Brief >> Copy word for word, please, the lines of the entries below running from the one containing "Fenerbahçe'de 1 ayrılık" to the one containing "黑天鹅蛋糕还是白天鹅蛋糕好看,好利来黑天鹅艺术蛋糕", both ends included.
>>
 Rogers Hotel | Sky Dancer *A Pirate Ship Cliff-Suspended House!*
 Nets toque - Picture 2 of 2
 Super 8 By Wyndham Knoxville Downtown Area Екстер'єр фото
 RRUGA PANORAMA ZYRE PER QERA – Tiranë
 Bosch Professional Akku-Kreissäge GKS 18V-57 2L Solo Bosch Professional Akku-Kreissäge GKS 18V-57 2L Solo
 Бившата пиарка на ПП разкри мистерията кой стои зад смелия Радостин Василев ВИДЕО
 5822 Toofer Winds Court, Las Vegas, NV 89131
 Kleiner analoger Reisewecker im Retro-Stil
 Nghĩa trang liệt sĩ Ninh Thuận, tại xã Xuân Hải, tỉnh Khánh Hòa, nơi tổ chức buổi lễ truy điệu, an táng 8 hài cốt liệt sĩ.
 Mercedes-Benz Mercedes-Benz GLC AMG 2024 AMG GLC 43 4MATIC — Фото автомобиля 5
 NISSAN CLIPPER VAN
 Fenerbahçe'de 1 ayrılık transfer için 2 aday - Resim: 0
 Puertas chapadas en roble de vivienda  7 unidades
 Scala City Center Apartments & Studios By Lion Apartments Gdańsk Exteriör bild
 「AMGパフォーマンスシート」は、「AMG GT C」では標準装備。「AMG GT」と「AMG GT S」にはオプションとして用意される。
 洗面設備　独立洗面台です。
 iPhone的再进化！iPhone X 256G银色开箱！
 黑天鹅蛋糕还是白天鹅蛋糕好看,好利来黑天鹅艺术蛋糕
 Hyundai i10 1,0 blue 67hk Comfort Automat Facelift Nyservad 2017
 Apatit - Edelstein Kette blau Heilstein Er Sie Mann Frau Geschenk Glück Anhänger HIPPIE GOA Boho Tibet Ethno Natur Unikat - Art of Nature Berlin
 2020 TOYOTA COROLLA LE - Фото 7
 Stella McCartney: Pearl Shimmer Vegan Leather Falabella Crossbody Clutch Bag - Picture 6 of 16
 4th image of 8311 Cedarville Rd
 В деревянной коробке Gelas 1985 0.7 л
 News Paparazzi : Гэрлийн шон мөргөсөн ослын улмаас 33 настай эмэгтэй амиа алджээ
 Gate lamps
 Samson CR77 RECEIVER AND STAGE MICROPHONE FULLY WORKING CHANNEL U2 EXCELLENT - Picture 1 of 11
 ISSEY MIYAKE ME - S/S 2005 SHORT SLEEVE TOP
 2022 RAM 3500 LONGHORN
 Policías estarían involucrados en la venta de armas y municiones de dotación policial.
<<
Response to the task >>
 Fenerbahçe'de 1 ayrılık transfer için 2 aday - Resim: 0
 Puertas chapadas en roble de vivienda  7 unidades
 Scala City Center Apartments & Studios By Lion Apartments Gdańsk Exteriör bild
 「AMGパフォーマンスシート」は、「AMG GT C」では標準装備。「AMG GT」と「AMG GT S」にはオプションとして用意される。
 洗面設備　独立洗面台です。
 iPhone的再进化！iPhone X 256G银色开箱！
 黑天鹅蛋糕还是白天鹅蛋糕好看,好利来黑天鹅艺术蛋糕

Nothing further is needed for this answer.